Work request: No images, please. Copy each entry below exactly as it reads.

Records from a dataset:
'''
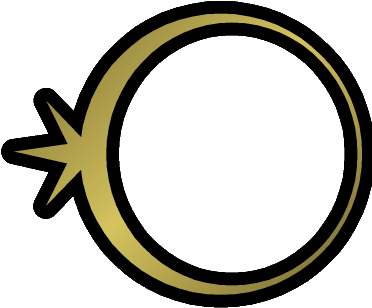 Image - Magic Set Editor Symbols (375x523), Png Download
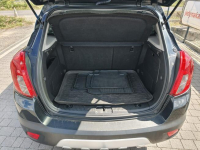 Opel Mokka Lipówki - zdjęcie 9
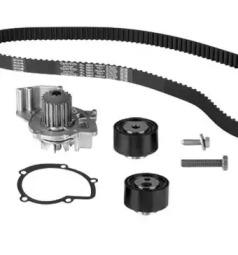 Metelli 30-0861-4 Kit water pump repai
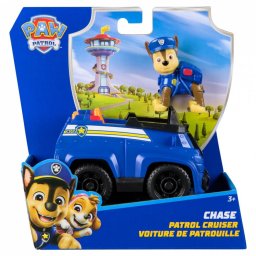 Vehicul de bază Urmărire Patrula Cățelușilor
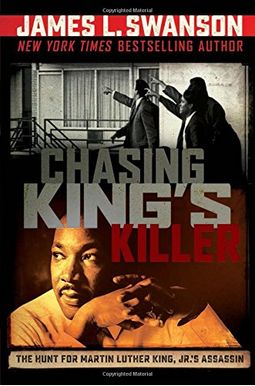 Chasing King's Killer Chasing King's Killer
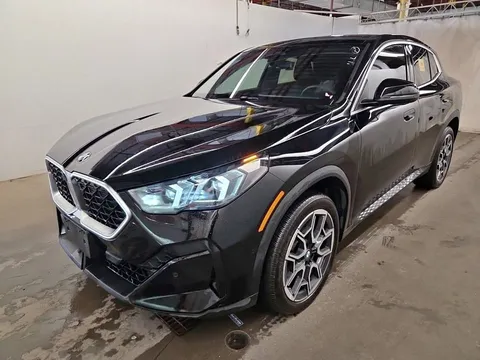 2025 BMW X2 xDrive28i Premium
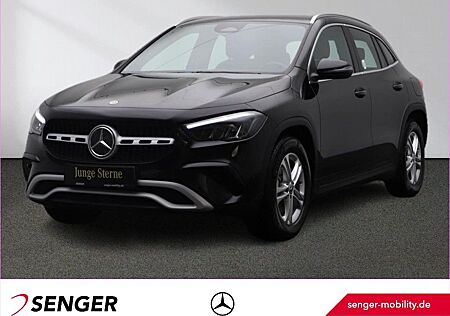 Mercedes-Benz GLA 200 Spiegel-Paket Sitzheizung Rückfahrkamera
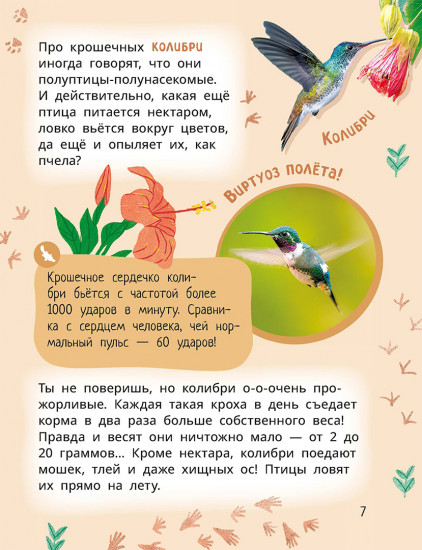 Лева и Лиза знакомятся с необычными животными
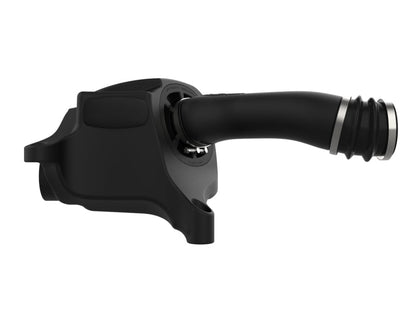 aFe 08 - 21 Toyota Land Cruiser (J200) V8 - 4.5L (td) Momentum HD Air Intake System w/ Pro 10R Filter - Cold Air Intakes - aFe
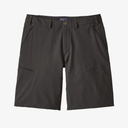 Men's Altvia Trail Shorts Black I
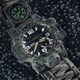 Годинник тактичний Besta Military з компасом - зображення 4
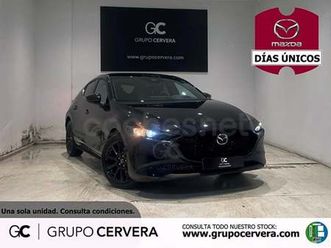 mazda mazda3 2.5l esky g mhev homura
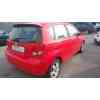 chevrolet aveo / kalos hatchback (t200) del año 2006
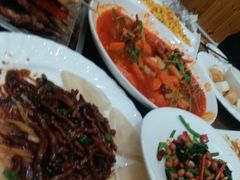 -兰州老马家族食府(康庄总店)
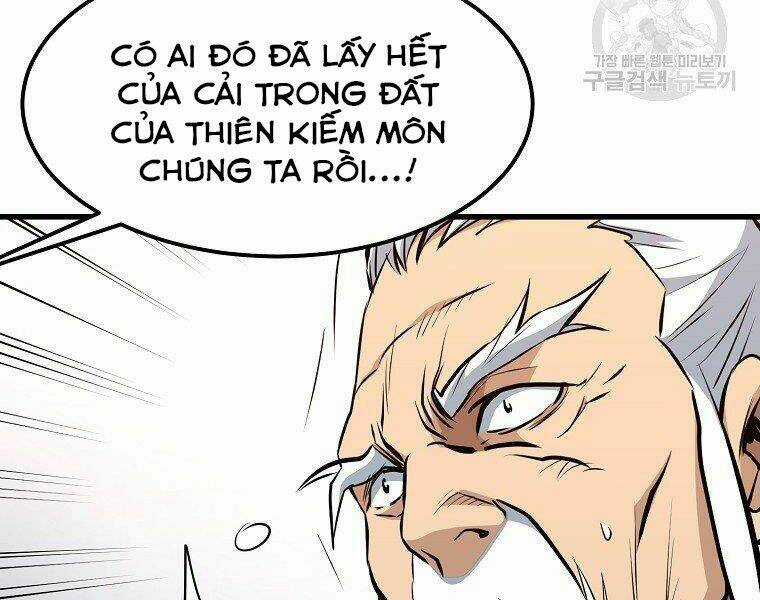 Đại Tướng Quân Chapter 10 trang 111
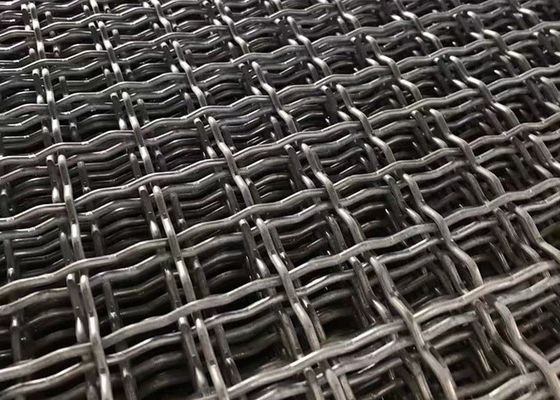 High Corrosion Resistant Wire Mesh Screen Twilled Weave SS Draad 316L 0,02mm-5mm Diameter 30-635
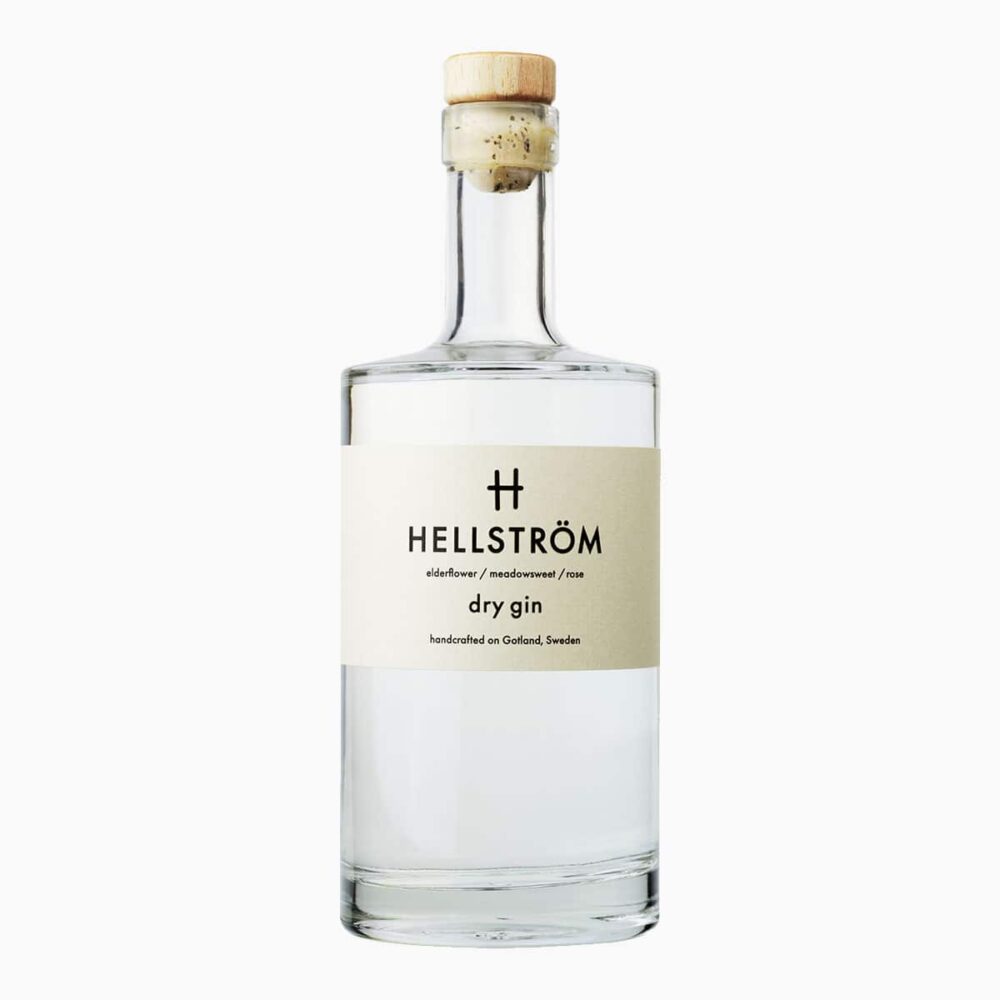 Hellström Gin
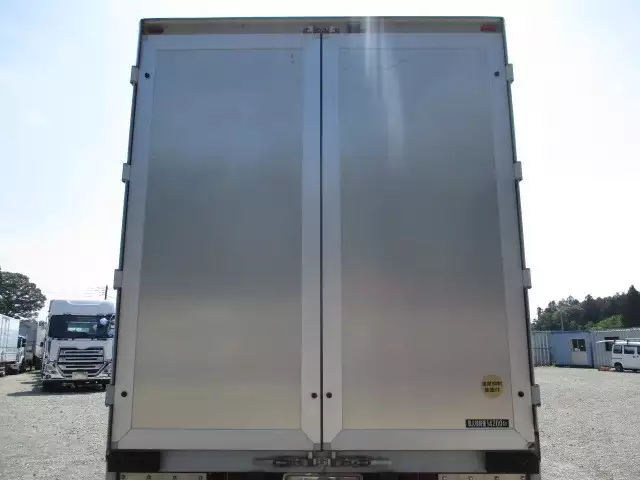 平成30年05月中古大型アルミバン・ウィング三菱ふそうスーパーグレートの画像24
'''
Result of the task:
 Image - Magic Set Editor Symbols (375x523), Png Download
 Opel Mokka Lipówki - zdjęcie 9
 Metelli 30-0861-4 Kit water pump repai
 Vehicul de bază Urmărire Patrula Cățelușilor
 Chasing King's Killer Chasing King's Killer
 2025 BMW X2 xDrive28i Premium
 Mercedes-Benz GLA 200 Spiegel-Paket Sitzheizung Rückfahrkamera
 Лева и Лиза знакомятся с необычными животными
 aFe 08 - 21 Toyota Land Cruiser (J200) V8 - 4.5L (td) Momentum HD Air Intake System w/ Pro 10R Filter - Cold Air Intakes - aFe
 Men's Altvia Trail Shorts Black I
 Годинник тактичний Besta Military з компасом - зображення 4
 mazda mazda3 2.5l esky g mhev homura
 chevrolet aveo / kalos hatchback (t200) del año 2006
 -兰州老马家族食府(康庄总店)
 Đại Tướng Quân Chapter 10 trang 111
 High Corrosion Resistant Wire Mesh Screen Twilled Weave SS Draad 316L 0,02mm-5mm Diameter 30-635
 Hellström Gin
 平成30年05月中古大型アルミバン・ウィング三菱ふそうスーパーグレートの画像24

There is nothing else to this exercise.